During the G20 Summit in Toronto in 2010, more than 1,100 people were arrested—the largest mass arrest in Canadian history—and the city morphed into a mini police state, with more than 10,000 police officers brought in to quash dissent. It’s been four years since that tumultuous weekend, but it’s safe to say that people, albeit a small number, won’t be over it any time soon—and they shouldn’t be.

On Wednesday night, two dozen people who were detained that weekend gathered at a church on Charles Street to view newly unearthed security-camera footage from inside the makeshift detention centre at a film studio on Eastern Avenue that held nearly 900 detainees in 85 cages. This includes John Pruyn, an amputee and former Revenue Canada employee, now 61, who was attacked and had his prosthetic leg ripped off by police while he was sitting down at the “free speech zone” at Queen’s Park at the end of a protest march. He was held in one of those cages for almost 30 hours. This also includes Tommy Taylor, who was arrested near the Novotel hotel and thrown in a cage for 23 hours with up to 40 people at a time.

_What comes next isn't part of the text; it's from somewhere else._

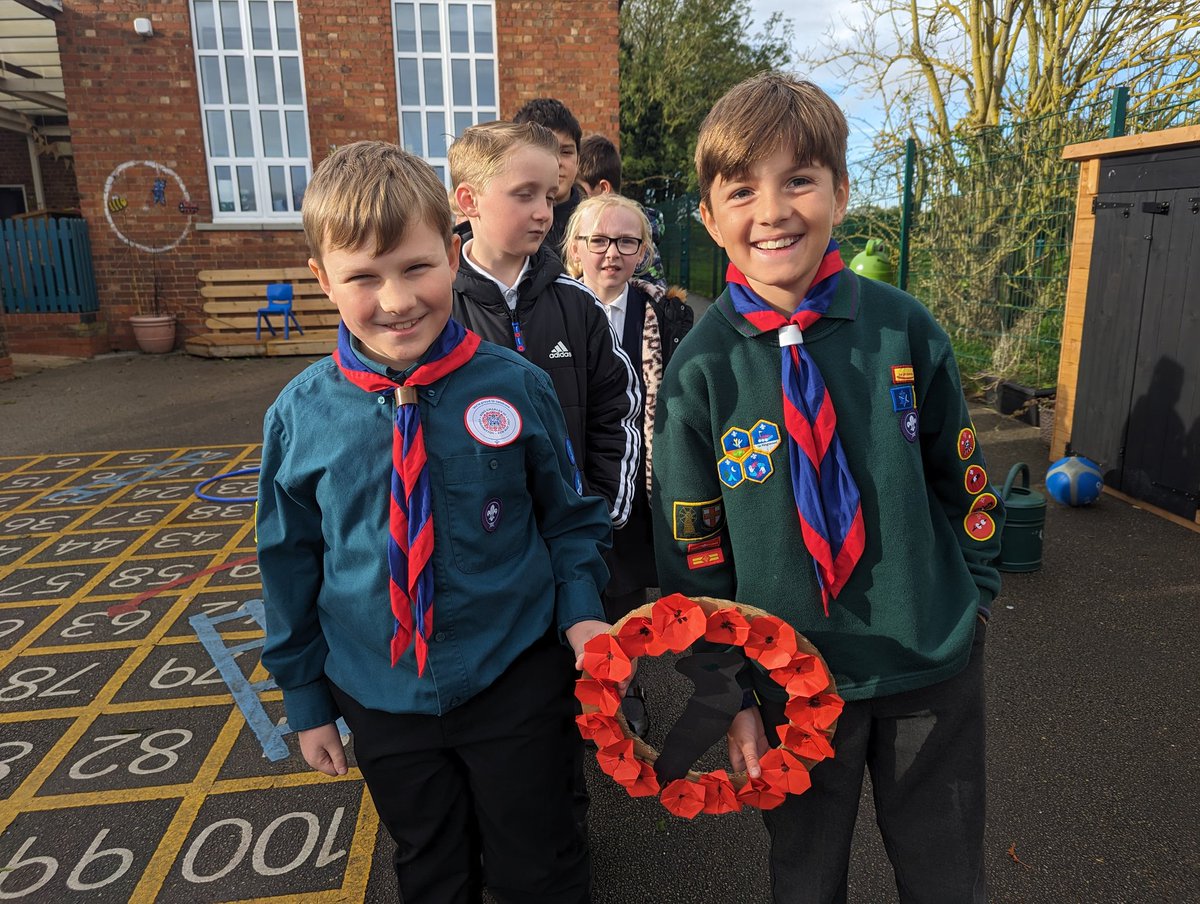 The boys, in their uniform, did Imps proud as they prepared to lay their remembrance wreath. 🌸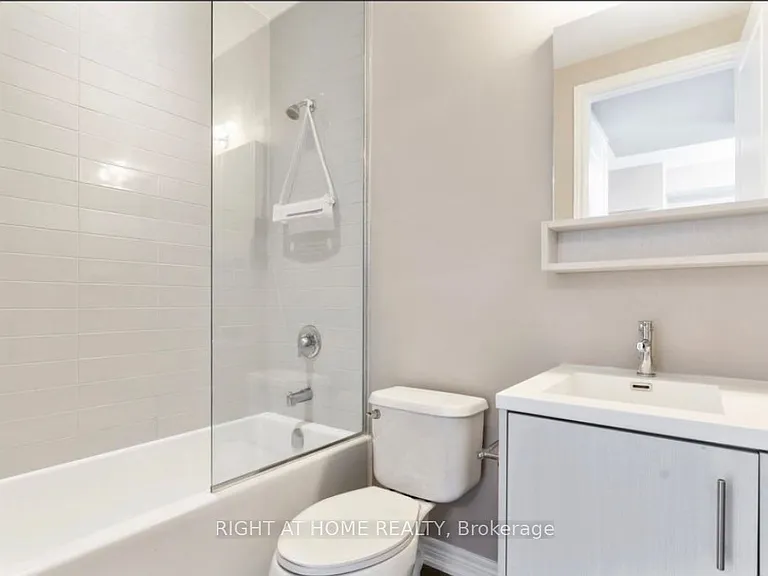 457 Plains Rd E #417 — Photo 2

I, too, was arrested at the G20, but my story certainly pales in comparison. As a human-rights monitor during the summit for the Canadian Civil Liberties Association, my job was to watch how police and protestors interacted. I was rounded up— or “kettled”—by police at Queen and Spadina and spent hours in the back of a court-services vehicle with several other women, and a 15-year-old girl who was out buying groceries. Luckily, I was released before being taken to the hellhole that was the Eastern Avenue detention centre. I sometimes tell the story at boring parties or when I’m asked to come up with something “interesting” about myself in a hurry, but, other than that, I don’t think about it much and it really hasn’t affected my life.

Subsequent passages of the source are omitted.